▸ **Task item**
Would you write out the full listing exactly, without any pictures?

▸ **Source data**
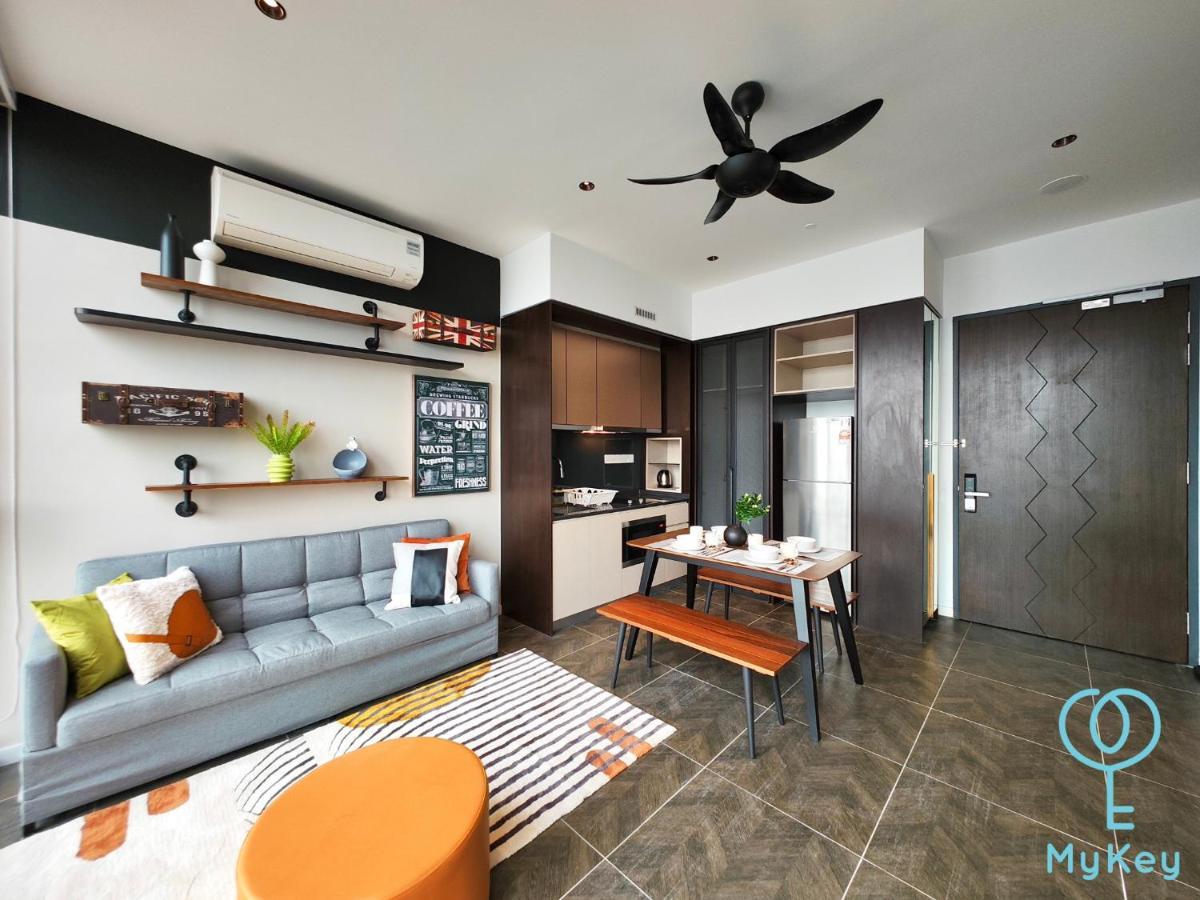 Scarletz Suites By Mykey กัวลาลัมเปอร์ ภายนอก รูปภาพ A typical studio apartment in Singapore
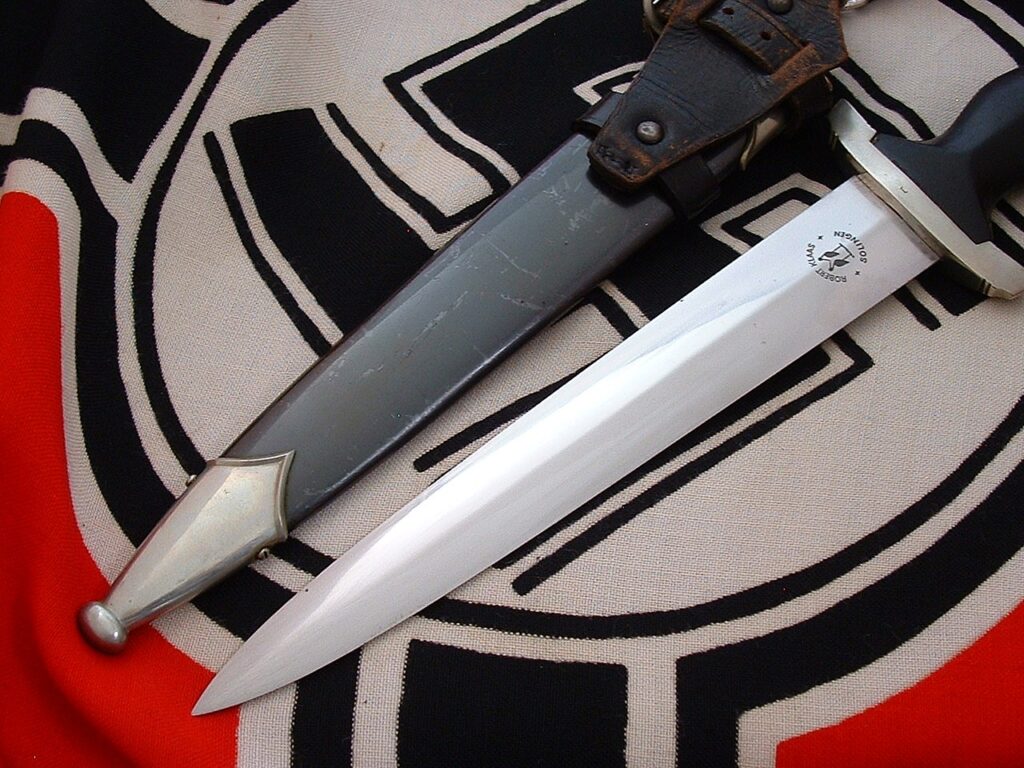 3 - Minty M33 SS Dagger by Klaas - RC146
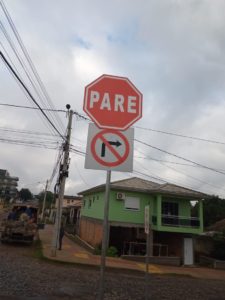 Leia mais sobre o artigo TRÂNSITO: PRIMEIRA QUADRA DA RUA ALMIRANTE TAMANDARÉ PASSA TER SENTIDO ÚNICO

▸ **Answer for this exercise**
 Scarletz Suites By Mykey กัวลาลัมเปอร์ ภายนอก รูปภาพ A typical studio apartment in Singapore
 3 - Minty M33 SS Dagger by Klaas - RC146
 Leia mais sobre o artigo TRÂNSITO: PRIMEIRA QUADRA DA RUA ALMIRANTE TAMANDARÉ PASSA TER SENTIDO ÚNICO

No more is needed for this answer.